The smoothed solar maximum was April 2014. Geomagnetism intensified as of August 2014. This is normal progression: positive pressure up into the sunspot peak, then negative pressure as both sunspots wane and geomagnetism ramps up in the following window. The influence on financial markets is captured here:
We can see that the solar-inspired speculative mania effectively ended in that window of mid-year 2014, with stocks making a topping process between then and May 2015.
Daily geomagnetism reveals an intensification in recent months.
Something similar happened in 2000.
Stocks were led into a 2 year bear.
Back to the current, the overdue snap in equities in August 2015 changed the picture. No V-bounce like in 2013-2014, plus a sharp escalation in complacent indictors. This is not like those 2013-4 corrections.
Various indicators which were stuck at bullish extremes in 2014 have now not only mean reverted but have moved all the way to bearish extremes. Amongst these are Investors Intelligence bulls, US equity outflows, capitulative breadth, Trin and a cluster of 90% down volume days. Collectively they represent bear market bottom readings, leading some analysts to call time on the current the correction in equities and predict a bull market resumption.
In that scenario we need to square why stocks only corrected 10%. In the first chart at the top we can see a year long stealth bear in progress, more apparent in some markets and indicators than others. So did stocks correct in time rather than price? Proponents of that option then have a problem with big picture indicators, in that both valuations and leverage are still a long way from mean reversion.
Due to the lack of demographic tailwind, the bull mania was fuelled by debt: traders leveraging up and companies leveraging up to make buybacks. For the bull market to continue, both those would need to rise to new record highs. Given the sharp snap in equities in August, the appetite for that is likely absent, at least for some time.
Rather, in my opinion, that was the point at which the mania popped, at which record complacency and froth was finally shot down. The bear market bottom readings in certain indicators are indeed a sign of a bear market: a pause in the downdraft. These indicators show selling and fear and are only bullish if they revert. Case in point: in 2014 they were stuck at extreme bullish and did not revert, hence stocks continued to edge up. The question is why they were stuck at record bullish extremes, and the answer is the hidden force of the solar maximum. Now we have the twin powers of waning sunspots and intense geomagnetism, which are likely to keep these indicators bearish.
There is a common misperception that the economy (i.e. recession) causes bear markets, but the data in fact shows that the stock market leads the economy.
US quarterly GDP at past major stock market peaks:
Q4 2007 4.4%
Q1 2000 6.18%
Q3 1987 6.08%
Q1 1973 11.91%
Q4 1968 9.84%
Rather it works like this: demographics and sunspot cycles bring about the major peaks and troughs. In our current case, the rise into the mid-2014 solar max caused the speculative mania in the markets, identified by extremes in valuations, sentiment, allocations and leverage. Then the wane from the solar max and associated intensification in geomagnetism have brought about the burst. That burst isn’t complete until valuations and leverage have reverted sub-mean, a process that is already fixed in demographic and solar trends right ahead.

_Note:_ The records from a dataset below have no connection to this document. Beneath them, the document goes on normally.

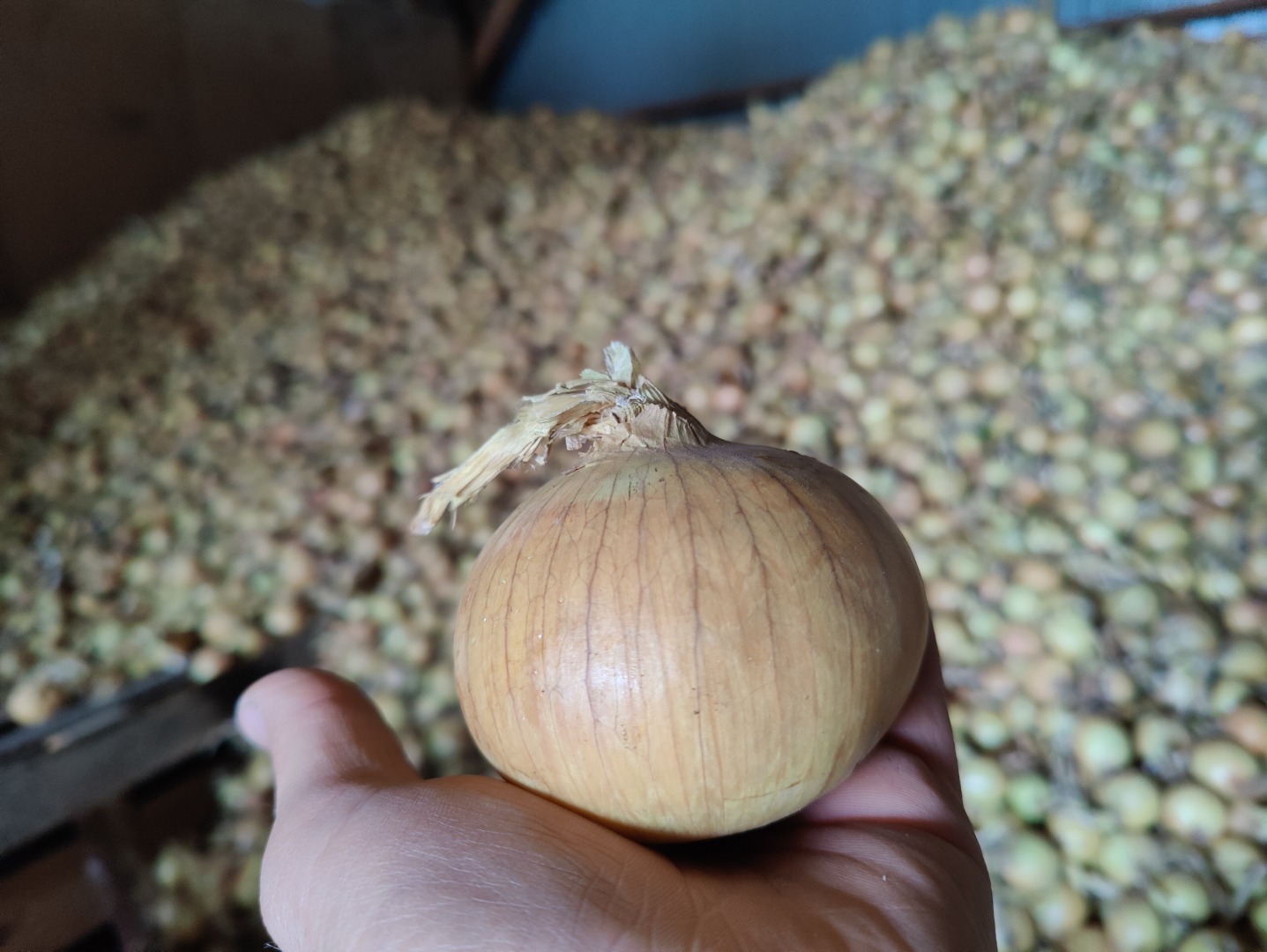 Vendo cebollas amarillas en bolsas de 5 a 10 kg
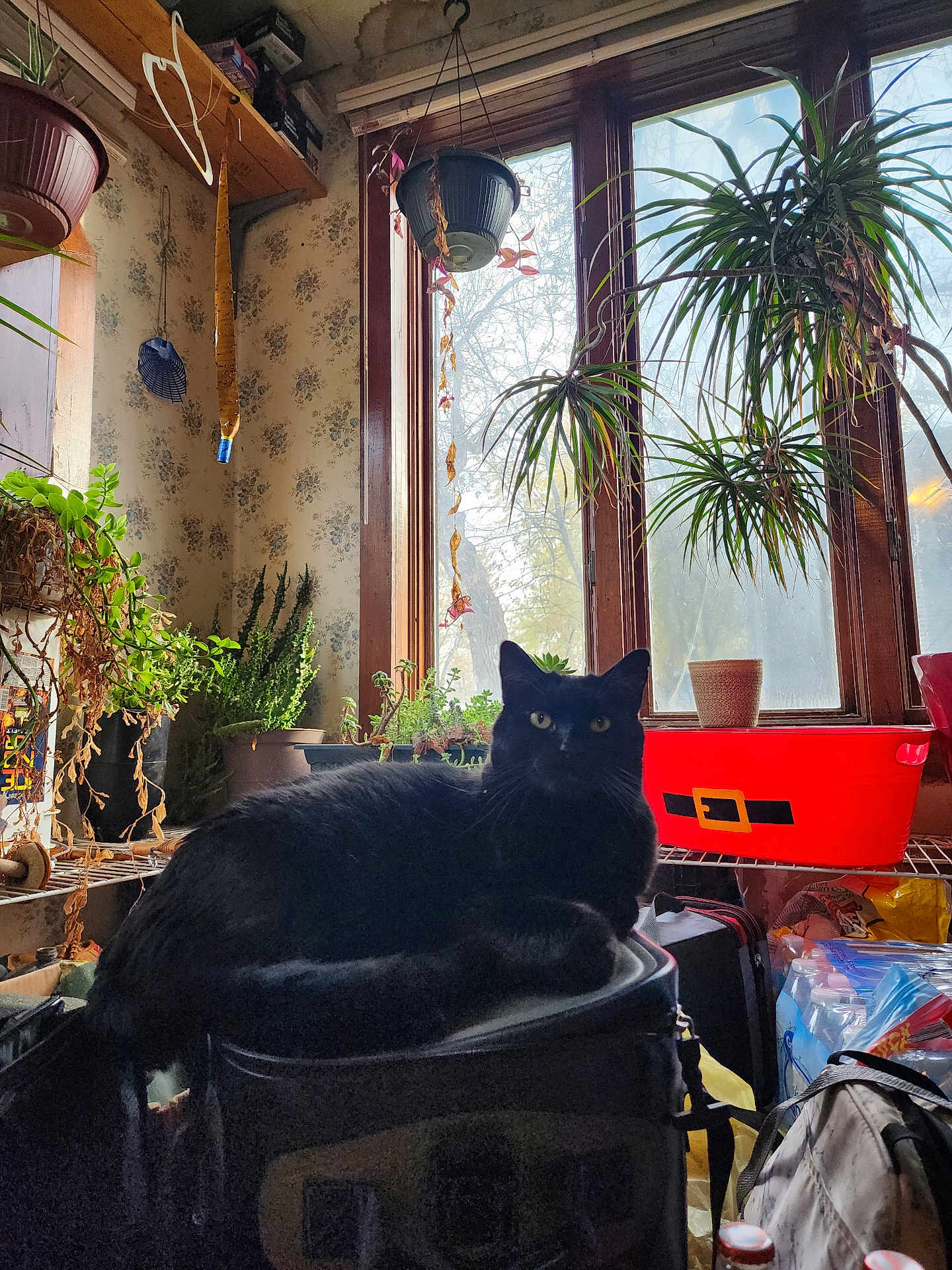 Smudge is registered to the contest to win money with this photo: black_cat, cat, indoor, plant, potted_plant, window, stool, furniture, sunlight, red_container, decor, hanging_plant, leafy_plant, cozy, animal, pet, home, relaxing, yellow_eyes, shadow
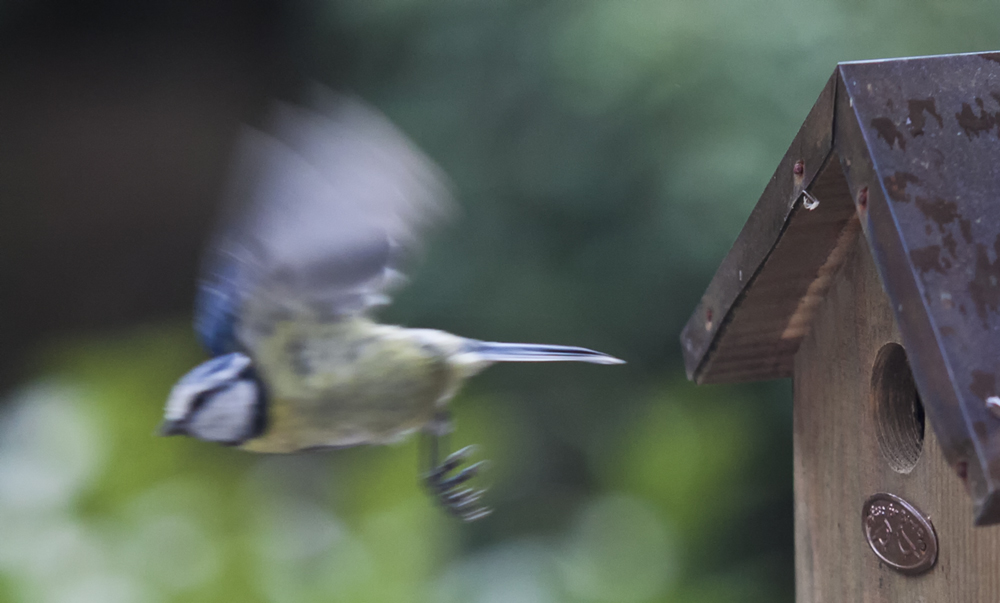 Meise beim Nestbau 4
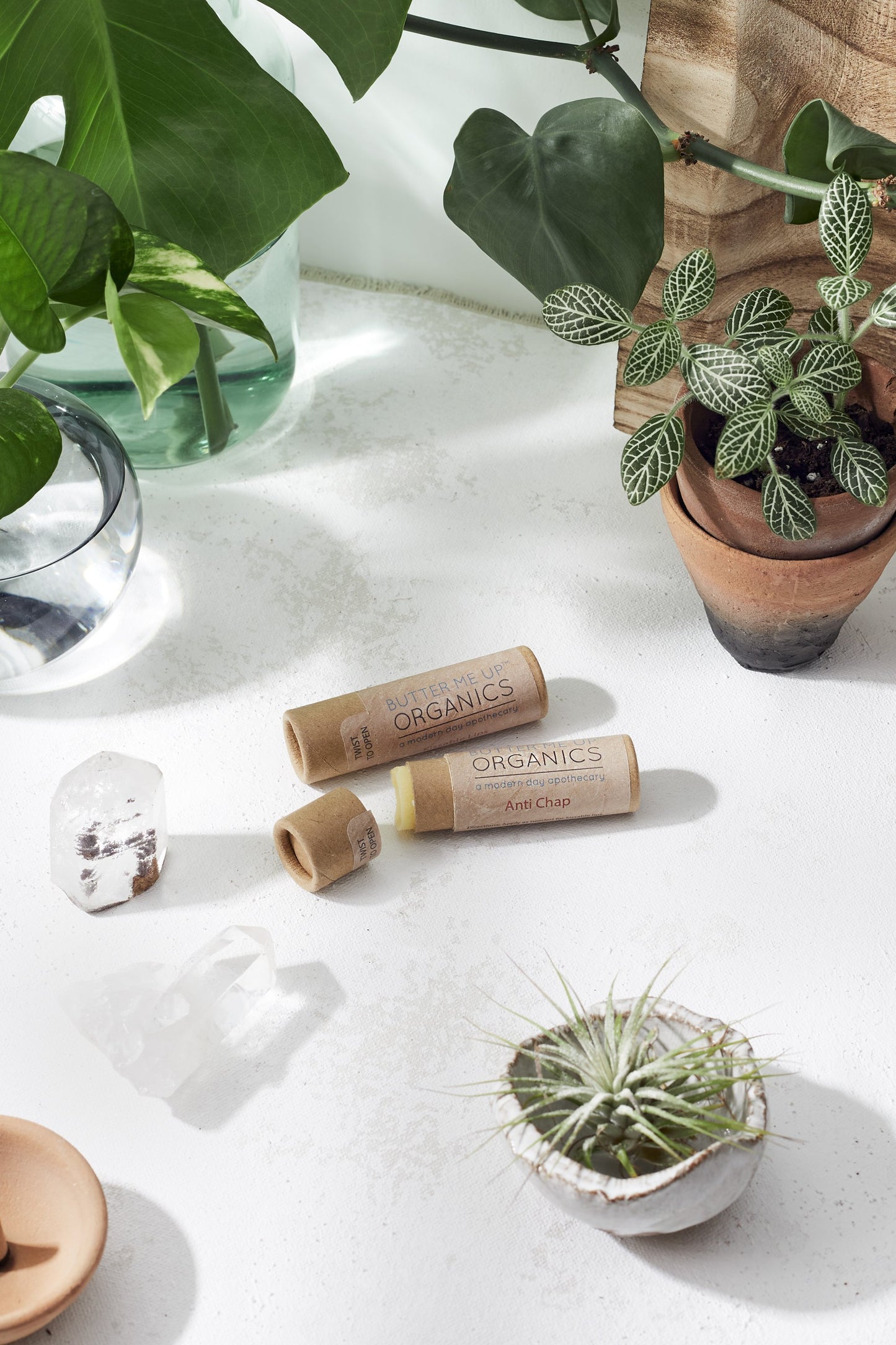 Organic Anti-Chap Lip Balm / Chapped Lips / Organic Lip Moisturizer / - Organify Me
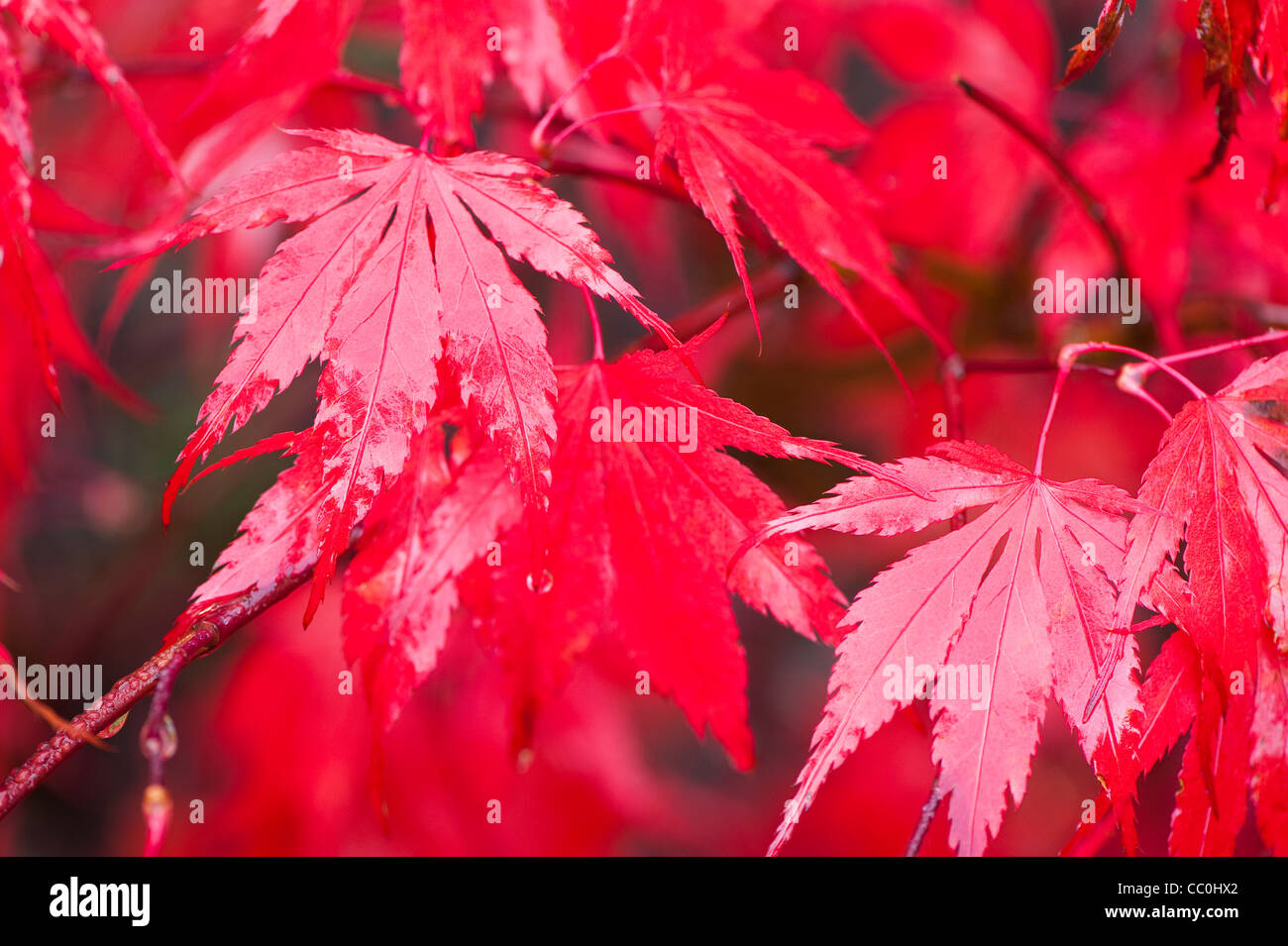 Acer palmatum mon papa japanese hi-res stock photography and images - Alamy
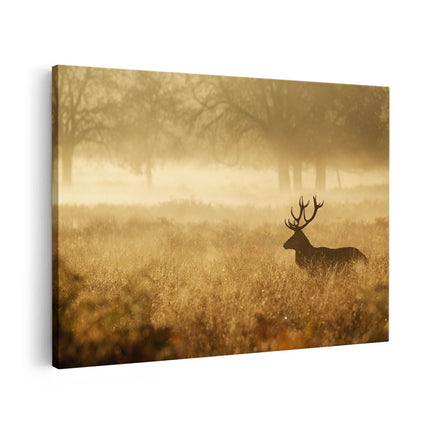 Canvas schilderij vooraanzicht Hert in het Veld tijdens de Mist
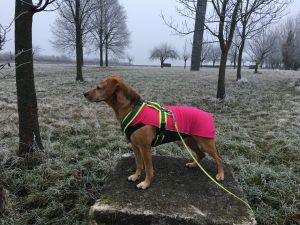 Hund im Freien mit pinken Pulli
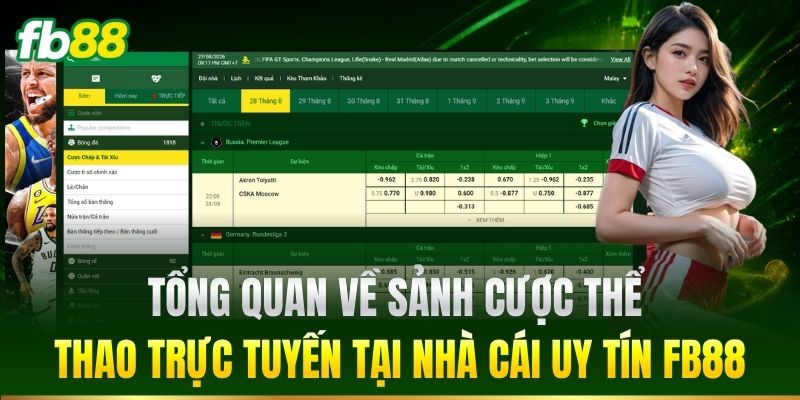 Tổng quan về hệ thống thể thao trực tuyến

October is the seasonal peak intensity for geomagnetism. This is the reason for a cluster of major historic drops to lows in October. We are finely poised leading into it. Stocks have made a triangle consolidation following the August drops. Gold has a weak higher low, as a tentative basing. For equities a retest of the August lows would be historically normal following such sharp drops, whether bull or bear bigger trend. But, various indicators are already at bearish extremes, i.e. contrarian bullish, so we could move further sideways or upwards before heading down again. Friday was the new moon, so we are now tipping over again into negative pressure, and this is assisted by current raging geomagnetism. FOMC and OpX this week.
My view. Stocks are in a bear since May 2015. That means no new highs and another lurch down lies ahead. Given the collective shock at the August drop in equities – despite 40+ topping indicators forming last year – another leg down to lower lows would have a major effect on the masses. If indicators can’t pull up now from their current extreme bearish readings, then that’s the recipe for another sharp break downwards in the current geomagnetic environment. Odds are this can transpire as we move into October. Invalidation would be stocks holding up through this window, gold breaking down, and equities indicators pulling away from bearish levels.